夜尿症(おねしょ)その4 平成20年3月1日号

 さて今回から、昼間の排尿状態に何ら問題がなく、生まれつきおねしょが続いている「真性夜尿」についてのお話です。真性夜尿の原因は、睡眠中の排尿に関する機能が未熟なことであり、ほとんどの場合は成長とともに治ってしまいます。以前、私の病院に夜尿症で受診した患者の方の追跡調査を行いましたが、15歳までに約80%が、18歳までに約95%が治っていました。

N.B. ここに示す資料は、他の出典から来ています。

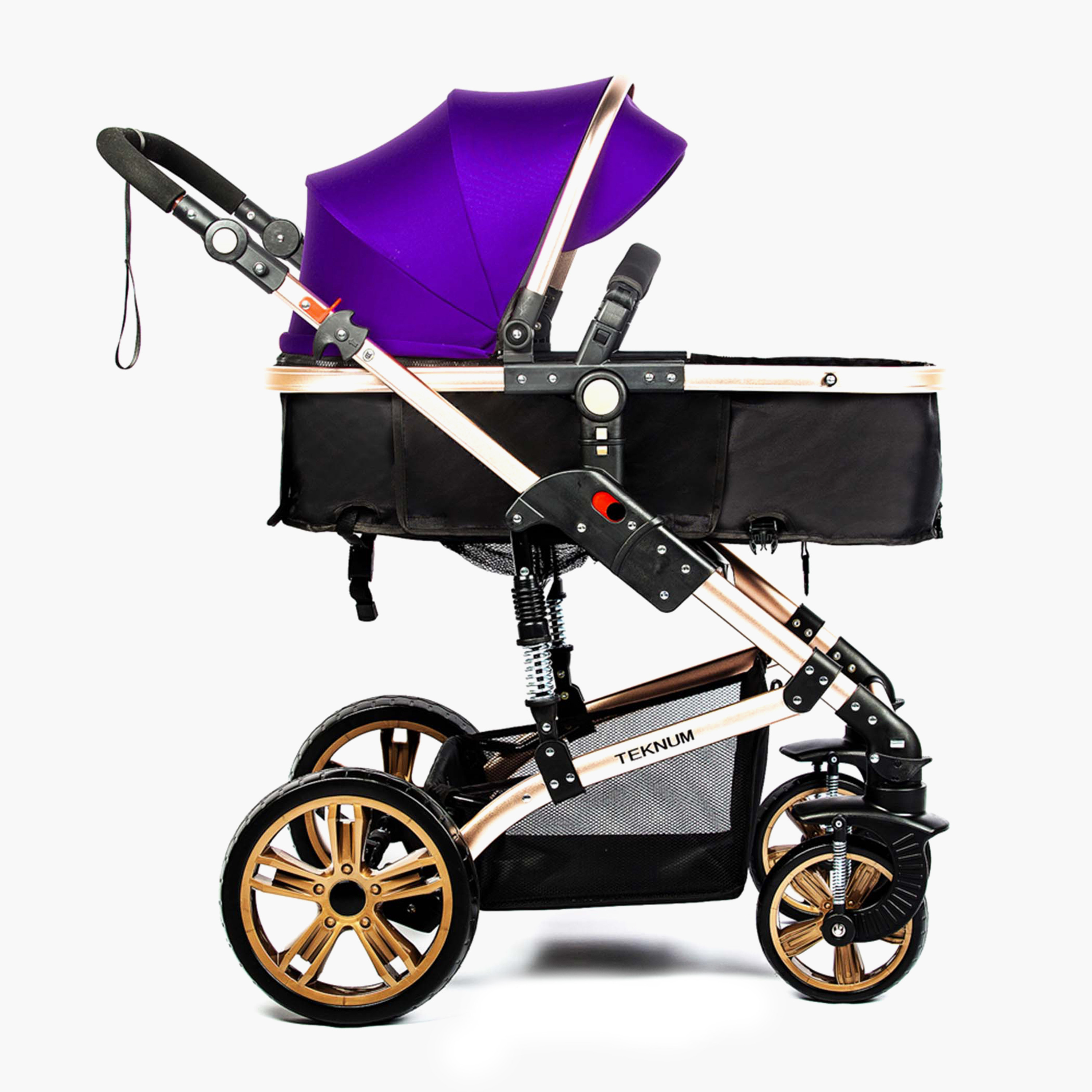 Buy Teknum 3 in 1 Pram stroller Peppy Purple Online Mothercare Bahrain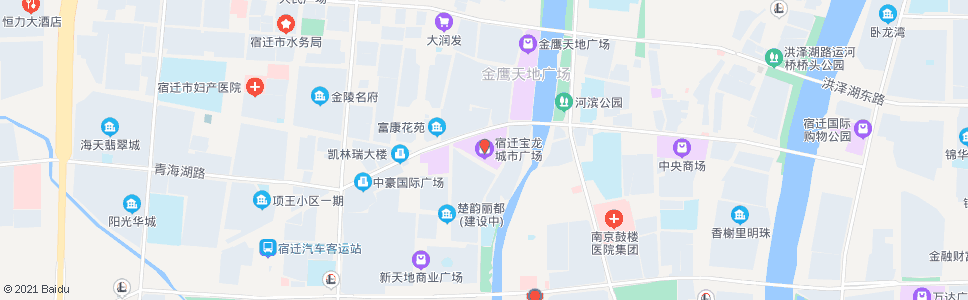 宿迁宝龙广场_公交站地图_宿迁公交_妙搜公交查询2024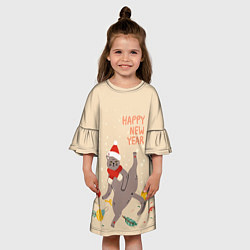 Платье клеш для девочки Хоба, цвет: 3D-принт — фото 2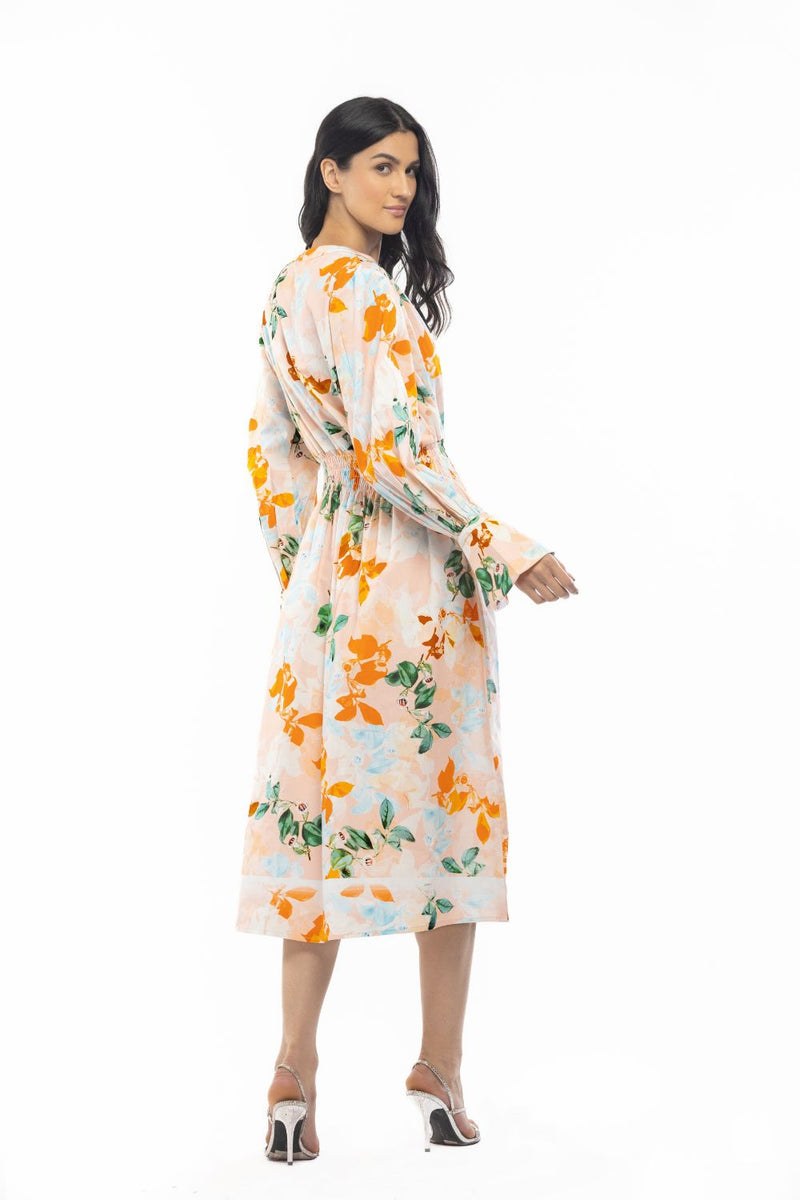 Cotton Poplin Printed Shirt Dress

 放っておいても治るので厳密には病気とは言えないのですが、布団や寝間着が汚れてしまう現実問題と、わが子の健全な成長を願うご両親の思いから、何とかならないものかと泌尿器科を受診されるのです。また、小学校などでの宿泊行事を控え、焦って受診されるケースも少なくありません。結論から述べれば、真性夜尿に対する特効薬はなく、最も有効な治療法は子どもの成熟を待つことです。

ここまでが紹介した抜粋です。